Visualize the posterior samples:

import matplotlib.pyplot as plt


x1 = jnp.linspace(-35, 35, 500)
x2 = jnp.linspace(-35, 35, 500)
X1, X2= jnp.meshgrid(x1, x2)
X = jnp.stack((X1, X2), axis=-1)
Z = jnp.exp(jax.vmap(jax.vmap(logdensity_fn))(X))

plt.plot(samples.position[:, 0], samples.position[:, 1], '.', color = 'teal')
plt.contourf(X1, X2, Z, cmap = 'Greys')
plt.axis('off')
plt.show()
<Figure size 640x480 with 1 Axes>

What is the speed-up?

The above example runs 256 chains in parallel, each for 200 steps. So, apart from parallelism overhead, this should take about the same as running 1 chain for 200 steps.
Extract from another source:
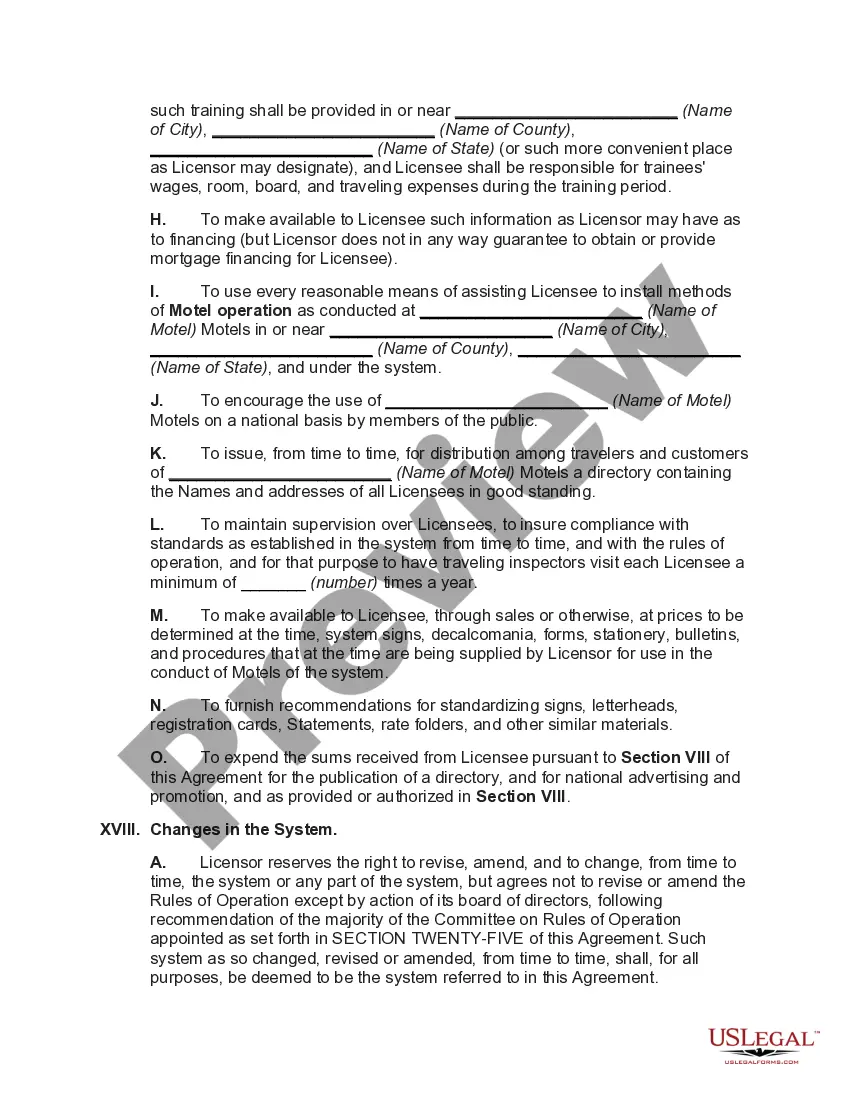 Preview Franchise Agreement for the Operation of a Motel with Motel to be Constructed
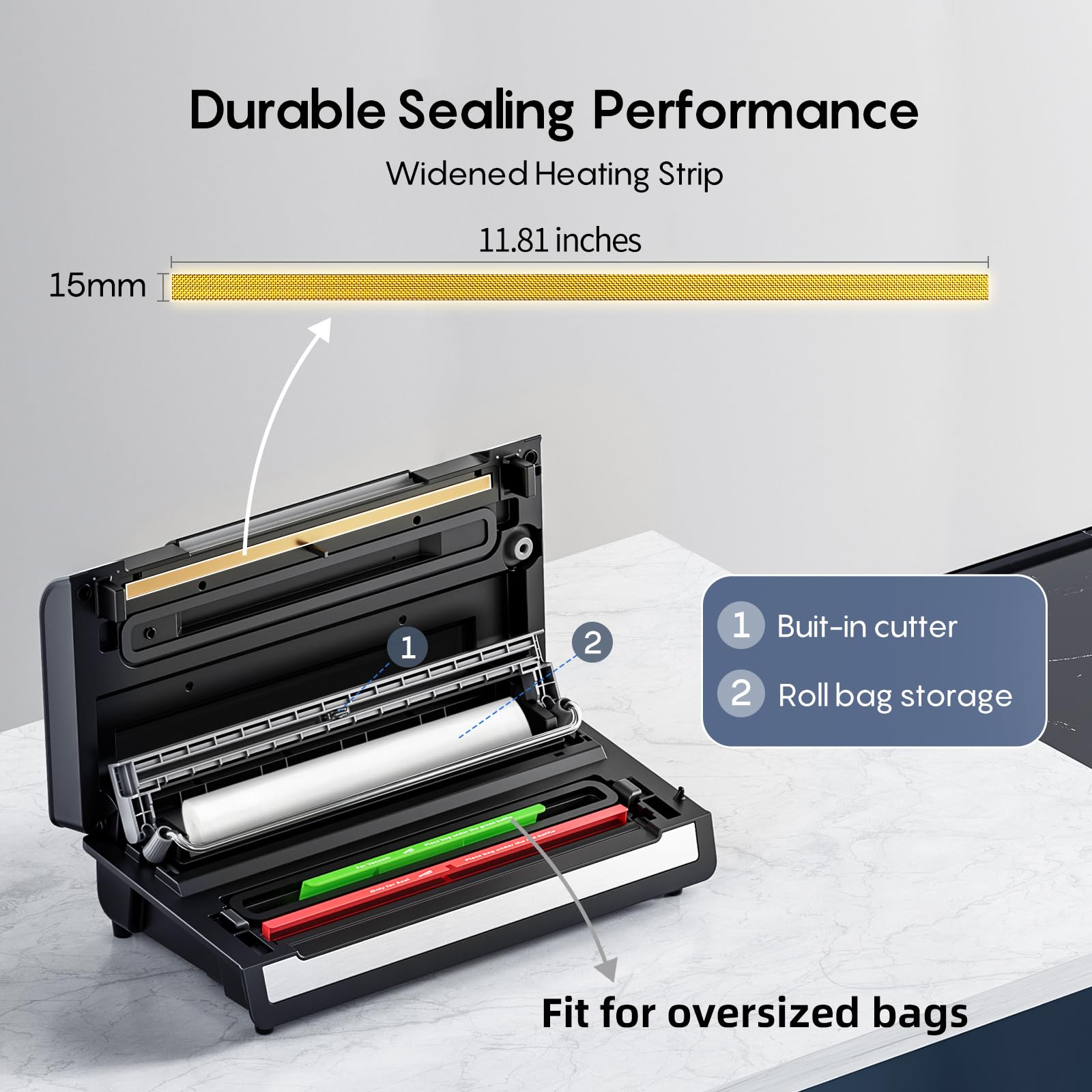 FRESKO Automatic 95Kpa Food Vacuum Sealer Machine, Auto Dry-Wet Detection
To see how many independent samples we get, we can use the fact that we know (or rather, have an accurate estimate of) the true second moments of the 2D Banana, so we can report the difference between the true second moments and the estimate (we normalize by the second moment standard deviations):

ground_truth_second_moment_mean=jnp.array([100.0, 19.0])
ground_truth_second_moment_standard_deviation=jnp.sqrt(jnp.array([20000.0, 4600.898]))

estimated_second_moment_mean=jnp.mean(samples.position**2, axis=0)

error = (estimated_second_moment_mean - ground_truth_second_moment_mean) / ground_truth_second_moment_standard_deviation

error
Array([-0.13861278, -0.10832151], dtype=float64)

This is the error one would obtain from 100 exact independent samples, so we can say that LAPS has given us an effective sample size of 100. To get the same from a sequential method would take a chain at least 10 times longer, so LAPS gives a wallclock speed-up here of at least an order of magnitude (and often quite a bit more - see the paper).